2008 Saab 9-4X BioPower ConceptEnlarge Photo
After a year of talks with GM, Spyker, a European maker of expensive sports cars, has finally been awarded SAAB.
Maybe awarded isn't exactly the right word.
If we recall correctly, one of the reasons SAAB agreed to join GM was that in today's automotive world, a small brand like SAAB didn't have the size, the buying power, the staff, the research facilities or the income to survive. By joining with GM, they were able to draw on GM's huge resources.
Unfortunately, they also had to draw on GM's huge bureaucracy and middle-think which pretty much destroyed the Brand, but that's another story.

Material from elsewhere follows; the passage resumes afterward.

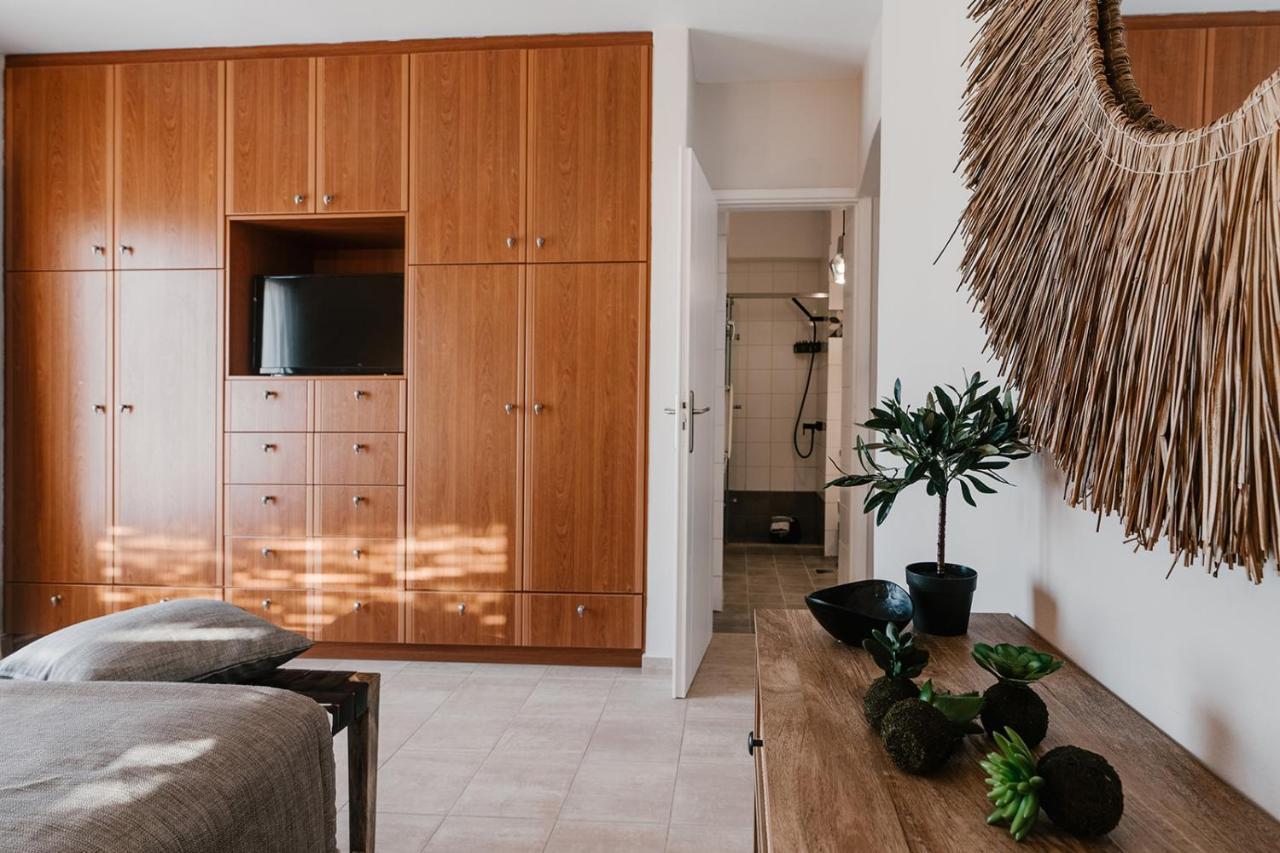 Echo Villa Фира Екстериор снимка
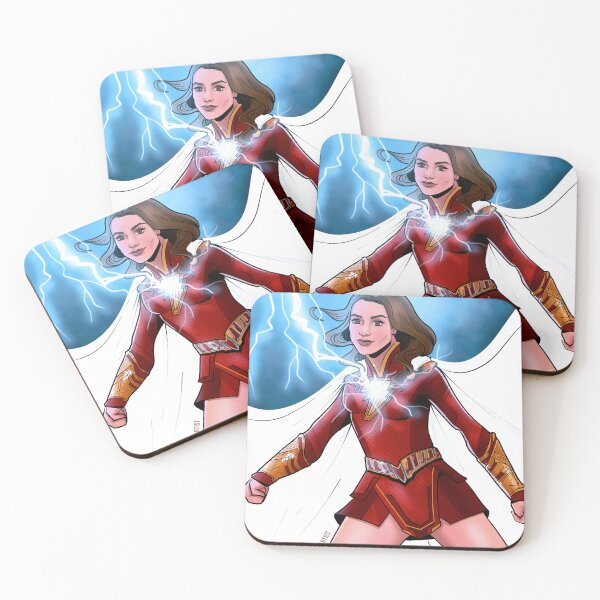 Item preview, Mary Shazam designed and sold by Bruno Artist.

So now, Spyker-- a company that consists of fewer than 200 people, a small factory and a few dealers in Europe's playgrounds for the rich-- is about to swallow some 2,400 employees, a few high-tech factories, a nervous dealer network spread around the world, and an organization that requires sales of at least 50,000 cars a year vs Spyker's current 60.
One wonders two things.
First, what make the folks at Spyker think they can keep this lead balloon afloat? Do they think they can make SAAB profitable when G.M. with all its cash infusions couldn't? There's a lesson taught in most business schools warning that too much growth too fast can destroy a small, successful company. How about growing 18 times in staff and 8,000 times in output overnight?

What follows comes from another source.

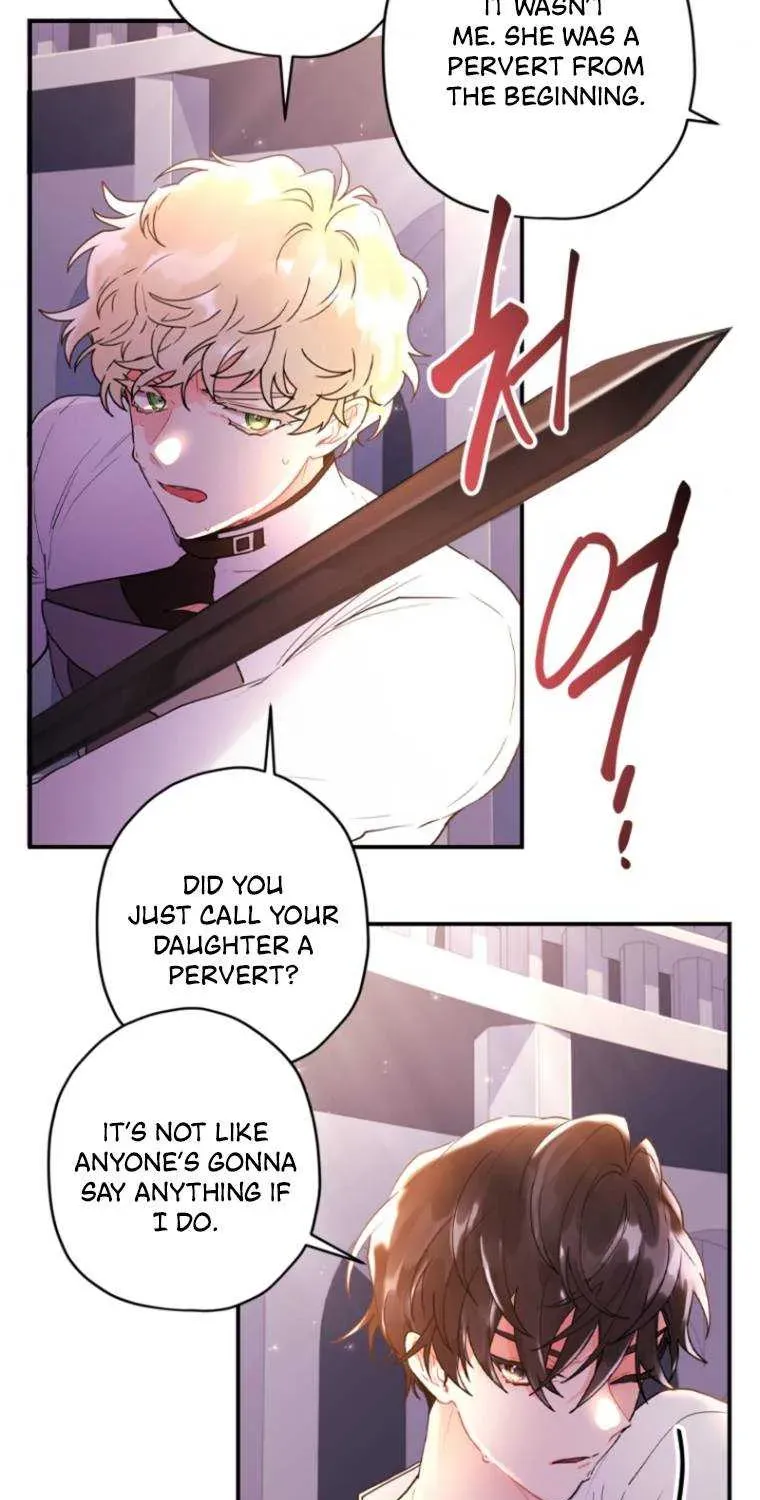 I Became The Male Lead’S Adopted Daughter Chapter 46.6 page 66 - 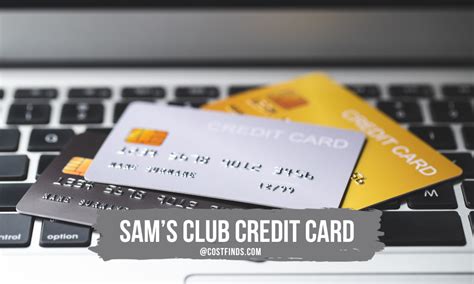 Options to pay Sams Club Credit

Second, what led GM to make this deal? Did Spyker pledge G.M. a % of their profits over time? Is GM that hard up for cash? Did they burst into tears over the idea that they were about to kill a storied Brand? At this writing, details of the deal are not available.
Or, as we pondered a few articles back, did GM's Government handlers not want an American company--especially one owned by the U.S. Government--to be responsible for killing a European company? Especially since G.M. "disappointed" the German government on the outcome of the Opal deal? So did the Government favor spinning SAAB off onto a European company for it to die quietly in their hands?
Conspiracy theories are fun, aren't they?
Regardless of the reasons why this deal was struck, we see no long term future for SAAB in today's vicious business climate.
And now, we fear for Spyker as well.